Bremer schluckte die zornige Entgegnung herunter, die ihm auf der Zunge lag. Es war nicht Sendigs Schuld. Er war gereizt, sehr viel mehr, als er zugeben wollte, und er kam sich tatsächlich wie ein Einbrecher vor. Rein juristisch betrachtet waren sie das auch - sie hatten weder einen Durchsuchungsbefehl noch irgendeinen zwingenden Grund, diese Wohnung zu durchsuchen. Artner war tot, aber zu sterben war in diesem Land noch nicht strafbar. Was sie taten, hatte etwas von Leichenfledderei an sich, fand er.

Verrückt. Bremer verstand sich selbst nicht mehr. Solche Gedanken waren ihm eigentlich fremd. Aber seit seinem unheimlichen Erlebnis im Wagen hatte er sich noch immer nicht richtig beruhigt. Natürlich war es nur eine Sinnestäuschung gewesen, und trotzdem... Etwas daran war so realistisch gewesen, daß ihm noch immer ein eisiger Schauer über den Rücken lief, wenn er daran zurückdachte. Und den größten Fehler hatte er anschließend begangen: Er hatte Sendig auf dem Weg hier herauf erzählt, was er für einen Moment im Spiegel zu sehen geglaubt hatte. Und auf dem Foto.

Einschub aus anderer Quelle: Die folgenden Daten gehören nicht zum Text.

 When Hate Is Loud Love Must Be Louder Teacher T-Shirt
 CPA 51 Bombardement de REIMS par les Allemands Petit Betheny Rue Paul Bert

Als hätte er seine Gedanken gelesen, sagte Sendig in diesem Moment noch einmaclass="underline" »Ein Engel? Sie sind sicher, daß Sie einen Engel gesehen haben?«

Diesmal konnte Bremer nicht mehr so tun, als hätte er die Frage überhört. »Ich habe überhaupt nichts gesehen«, antwortete er, ohne sich zu Sendig herumzudrehen. »Wahrscheinlich war es nur ein Lichtreflex. Irgendein Schatten.«

»Da wäre ich nicht so sicher«, sagte Sendig. Irgend etwas klapperte zu Boden, aber Bremer widerstand weiter tapfer der Versuchung, sich zu ihm herumzudrehen. Statt dessen öffnete er eine weitere Schublade des wuchtigen altdeutschen Schrankes und untersuchte ihren Inhalt. Er unterschied sich nicht von dem der beiden, die er bereits durchgesehen harte: Zeitschriften, irgendwelche Papiere voller wissenschaftlicher Fachausdrücke, die genausogut in Chinesisch geschrieben sein könnten, ein paar Akten, deren Stempel verriet, daß sie aus der Klinik stammten. Bremer öffnete sie alle, aber er mußte sie nicht durchblättern. Jede einzelne enthielt auf der ersten Seite ein Farbfoto desjenigen, dessen Krankengeschichte sie behandelte.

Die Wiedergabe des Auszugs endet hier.